### TASK INPUTS:
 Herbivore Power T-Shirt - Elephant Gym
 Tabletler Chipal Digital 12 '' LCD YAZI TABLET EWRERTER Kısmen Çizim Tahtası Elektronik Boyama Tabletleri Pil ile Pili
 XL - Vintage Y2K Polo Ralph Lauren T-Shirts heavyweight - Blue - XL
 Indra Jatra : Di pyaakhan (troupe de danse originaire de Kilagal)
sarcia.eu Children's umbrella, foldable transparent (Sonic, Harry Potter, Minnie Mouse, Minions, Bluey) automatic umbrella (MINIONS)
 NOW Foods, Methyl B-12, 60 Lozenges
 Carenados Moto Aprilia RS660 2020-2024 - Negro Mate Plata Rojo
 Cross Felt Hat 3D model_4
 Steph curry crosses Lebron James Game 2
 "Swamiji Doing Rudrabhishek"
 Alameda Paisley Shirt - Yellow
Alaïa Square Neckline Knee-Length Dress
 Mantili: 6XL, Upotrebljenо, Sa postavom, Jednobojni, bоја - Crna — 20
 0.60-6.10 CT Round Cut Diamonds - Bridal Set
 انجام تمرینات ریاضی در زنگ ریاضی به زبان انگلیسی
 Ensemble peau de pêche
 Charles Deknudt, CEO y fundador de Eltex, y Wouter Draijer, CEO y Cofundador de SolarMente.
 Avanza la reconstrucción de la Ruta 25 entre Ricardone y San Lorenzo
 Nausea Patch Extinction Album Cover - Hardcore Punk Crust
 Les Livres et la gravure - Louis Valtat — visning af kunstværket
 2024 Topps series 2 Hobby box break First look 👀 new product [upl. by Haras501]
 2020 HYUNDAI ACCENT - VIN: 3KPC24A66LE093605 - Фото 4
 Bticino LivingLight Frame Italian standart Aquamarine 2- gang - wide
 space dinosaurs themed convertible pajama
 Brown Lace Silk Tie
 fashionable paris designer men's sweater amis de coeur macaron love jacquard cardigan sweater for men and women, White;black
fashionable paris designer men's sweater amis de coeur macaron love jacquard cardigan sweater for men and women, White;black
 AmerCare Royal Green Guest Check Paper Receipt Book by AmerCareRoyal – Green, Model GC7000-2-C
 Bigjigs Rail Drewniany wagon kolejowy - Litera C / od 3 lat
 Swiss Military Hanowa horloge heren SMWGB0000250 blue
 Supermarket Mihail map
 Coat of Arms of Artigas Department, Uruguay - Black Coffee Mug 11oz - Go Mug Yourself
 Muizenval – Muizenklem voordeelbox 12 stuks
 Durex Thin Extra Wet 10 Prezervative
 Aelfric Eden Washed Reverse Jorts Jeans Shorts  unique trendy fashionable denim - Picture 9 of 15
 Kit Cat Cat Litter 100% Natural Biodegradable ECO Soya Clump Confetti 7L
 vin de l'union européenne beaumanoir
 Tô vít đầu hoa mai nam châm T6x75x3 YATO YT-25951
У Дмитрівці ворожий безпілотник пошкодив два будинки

### TASK TO CARRY OUT:
The complete listing, unchanged, is the expected answer.

### SOLUTION FOR THIS EXERCISE:
 Herbivore Power T-Shirt - Elephant Gym
 Tabletler Chipal Digital 12 '' LCD YAZI TABLET EWRERTER Kısmen Çizim Tahtası Elektronik Boyama Tabletleri Pil ile Pili
 XL - Vintage Y2K Polo Ralph Lauren T-Shirts heavyweight - Blue - XL
 Indra Jatra : Di pyaakhan (troupe de danse originaire de Kilagal)
sarcia.eu Children's umbrella, foldable transparent (Sonic, Harry Potter, Minnie Mouse, Minions, Bluey) automatic umbrella (MINIONS)
 NOW Foods, Methyl B-12, 60 Lozenges
 Carenados Moto Aprilia RS660 2020-2024 - Negro Mate Plata Rojo
 Cross Felt Hat 3D model_4
 Steph curry crosses Lebron James Game 2
 "Swamiji Doing Rudrabhishek"
 Alameda Paisley Shirt - Yellow
Alaïa Square Neckline Knee-Length Dress
 Mantili: 6XL, Upotrebljenо, Sa postavom, Jednobojni, bоја - Crna — 20
 0.60-6.10 CT Round Cut Diamonds - Bridal Set
 انجام تمرینات ریاضی در زنگ ریاضی به زبان انگلیسی
 Ensemble peau de pêche
 Charles Deknudt, CEO y fundador de Eltex, y Wouter Draijer, CEO y Cofundador de SolarMente.
 Avanza la reconstrucción de la Ruta 25 entre Ricardone y San Lorenzo
 Nausea Patch Extinction Album Cover - Hardcore Punk Crust
 Les Livres et la gravure - Louis Valtat — visning af kunstværket
 2024 Topps series 2 Hobby box break First look 👀 new product [upl. by Haras501]
 2020 HYUNDAI ACCENT - VIN: 3KPC24A66LE093605 - Фото 4
 Bticino LivingLight Frame Italian standart Aquamarine 2- gang - wide
 space dinosaurs themed convertible pajama
 Brown Lace Silk Tie
 fashionable paris designer men's sweater amis de coeur macaron love jacquard cardigan sweater for men and women, White;black
fashionable paris designer men's sweater amis de coeur macaron love jacquard cardigan sweater for men and women, White;black
 AmerCare Royal Green Guest Check Paper Receipt Book by AmerCareRoyal – Green, Model GC7000-2-C
 Bigjigs Rail Drewniany wagon kolejowy - Litera C / od 3 lat
 Swiss Military Hanowa horloge heren SMWGB0000250 blue
 Supermarket Mihail map
 Coat of Arms of Artigas Department, Uruguay - Black Coffee Mug 11oz - Go Mug Yourself
 Muizenval – Muizenklem voordeelbox 12 stuks
 Durex Thin Extra Wet 10 Prezervative
 Aelfric Eden Washed Reverse Jorts Jeans Shorts  unique trendy fashionable denim - Picture 9 of 15
 Kit Cat Cat Litter 100% Natural Biodegradable ECO Soya Clump Confetti 7L
 vin de l'union européenne beaumanoir
 Tô vít đầu hoa mai nam châm T6x75x3 YATO YT-25951
У Дмитрівці ворожий безпілотник пошкодив два будинки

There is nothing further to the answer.